Opposites attract: UConn bigs Olivia Nelson-Ododa, Aaliyah Edwards meshing well

UConn's Olivia Nelson-Ododa (20) and Aailiyah Edwards (3) defend against Seton Hall on Wednesday, Dec. 15, 2020 in South Orange, N.J.

UConn’s Olivia Nelson-Ododa (20) and Aailiyah Edwards (3) defend against Seton Hall on Wednesday, Dec. 15, 2020 in South Orange, N.J.

UConn Athletics / Contributed Photo

Olivia Nelson-Ododa stands 6-foot-5 with an even longer wingspan, and has looked every bit the imposing rim protector that can anchor a strong defense. Aaliyah Edwards is two inches shorter, but plays a more physical style.

Their skill sets very much contrast, which, if you ask UConn coach Geno Auriemma, is why the forwards mesh so well on the floor.

“The fact that they’re different helps them a lot,” Auriemma said Tuesday on Zoom. “They don’t step all over each other.
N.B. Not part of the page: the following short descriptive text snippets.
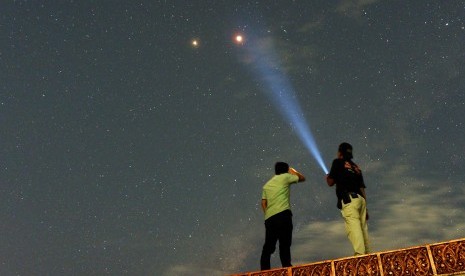 Warga menyaksikan pemandangan planet Mars berdampingan dengan gerhana bulan total terlihat di Kota Padang, Sumatera Barat, Sabtu (28/7) dini hari.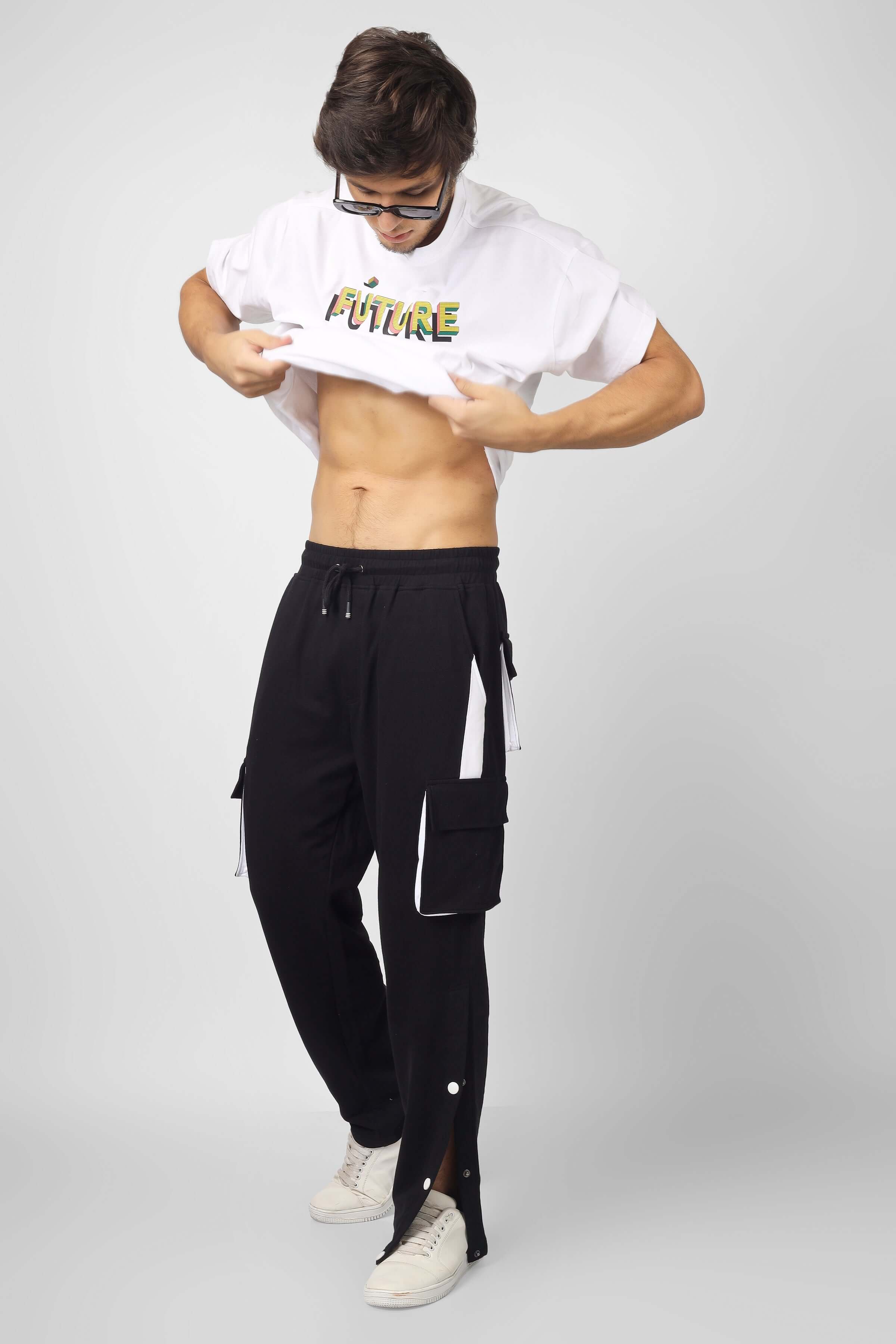 Man wearing black and white Bracket Cargo Pants with a white T-shirt, showcasing stylish, customizable apparel from DUDS.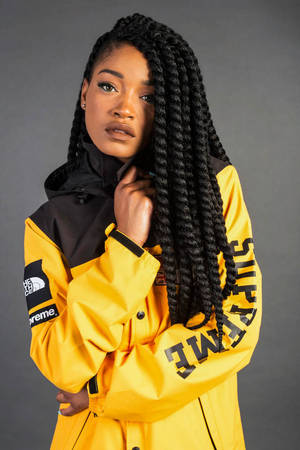 一位穿著黃色 Supreme x The North Face 外套的女士在攝影棚自信地擺姿勢。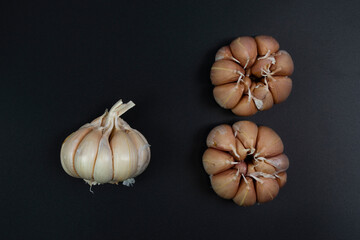 garlic placed on a black background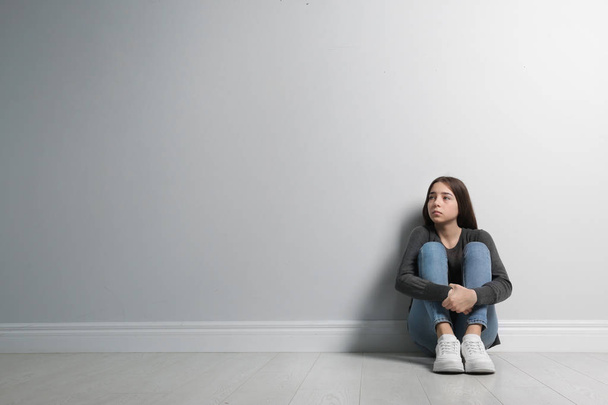 Upset teenage girl sitting on floor near wall. Space for text - Foto, Bild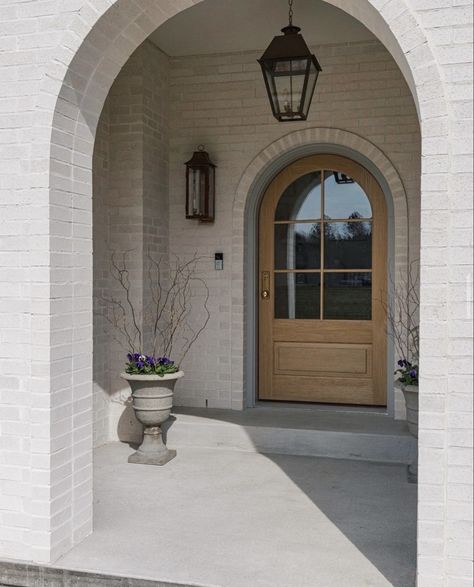 Arched Front Door Entryway, Front Door Single, Exterior Entryway Ideas, Arched Exterior Doors, Modern European Farmhouse, Arch Entryway, Arched Front Door, Low Country Homes, Brick Archway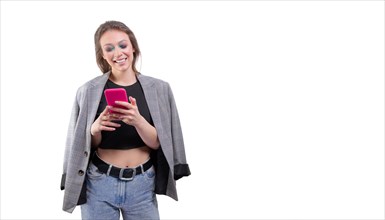 Portrait of a beautiful girl in a jacket with a mobile phone in hand. White background.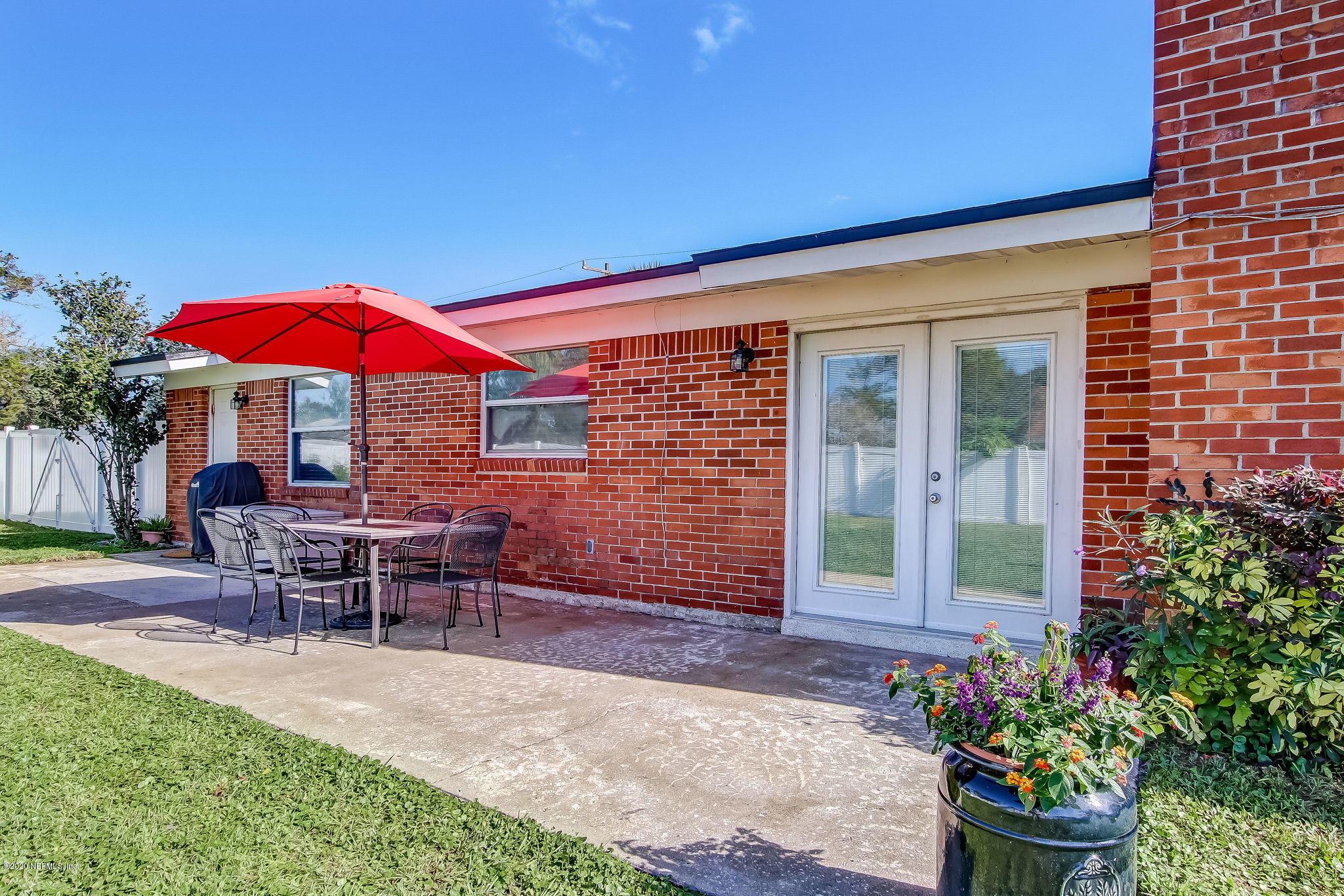 4006 Eunice Road Jacksonville, FL 32250 - Photo 28 of 30 a patio with a table and chairs under an umbrella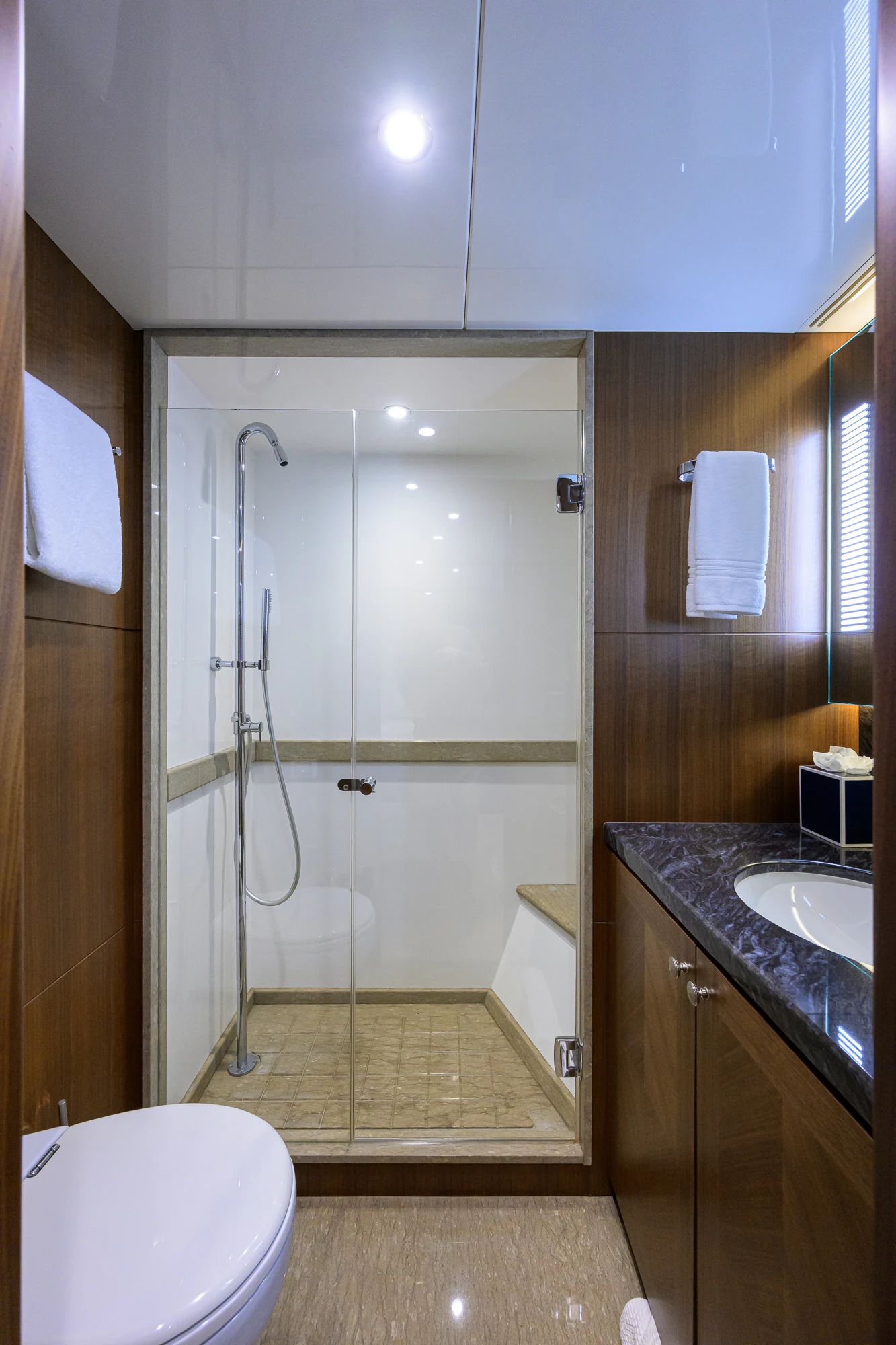 a bathroom with a shower unit and sink aboard CHINDON Yacht for Sale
Aaliyah is comfortable down low. She’s comfortable playing a physical game. Liv is comfortable playing a much more finesse game. They’re always on opposite sides of the lane — one’s high, one’s low.”

Nelson-Ododa is a junior, not to mention the lone returning true post player with any experience. She’s averaging 12.8 points, 7.3 rebounds and 1.7 blocks and is in the hunt for Naismith Defensive Player of the Year.

Factor in the emergence of Edwards and the Huskies have a strong, imposing frontcourt to lean on in March. The freshman from Canada is averaging 9.7 points and 4.8 boards and shooting a team-high 67.6%, mostly off the bench.

Top-ranked UConn (18-1) visits Creighton on Thursday (5 p.m.). The Huskies can clinch their 20th Big East regular-season title, and first since 2011, with a victory.

“It’s obviously a huge benefit to have two post players that can both play together, complement each other, and spell each other,” Auriemma said. “They have different skill sets. It’s something that we obviously didn’t have last year, and you could see the difference that it’s made.”

Both bigs factored prominently in Saturday’s 83-32 victory over Xavier. Nelson-Ododa had 11 points, eight rebounds and six assists, and Edwards turned in 16 points and 11 rebounds for her first double-double. They played 24 and 26 minutes, respectively.

On the season, Nelson-Ododa is averaging 25 minutes and Edwards 20.1. They’ve started together twice.

“I think we always just play to our strengths,” Edwards said of herself and Nelson-Ododa. “We just build off each other’s energy and momentum because we get a lot of opportunities in the high-low action, or if I’m posting up down low, you know she’s up top and she’s got that shot if her defender sinks into me, or vice versa. I think we just have good post movement together.”

Nelson-Ododa said there’s a comfort level between the two that continues to grow.

“Just her IQ and her toughness down low, it definitely helps a lot,” Nelson-Ododa explained. “She is willing to look for me as I am for her, especially high-low, so I think playing with her makes it a lot easier just from those simple factors, and she only just continues to get better each day.”

They know how to work together defensively, as well. They’re a big reason — literally and figuratively — why the Huskies rank 15th in the country in blocked shots (107) and fifth in both scoring defense (51.3) and opponent’s shooting percentage (33.3).

“Defensively, they complement each other because they both can be long enough to cause problems,” Auriemma said. “Aaliyah maybe more so on the perimeter can do some things, and Liv’s a better shot blocker. I just think that because they’re opposites, they complement each other perfectly.”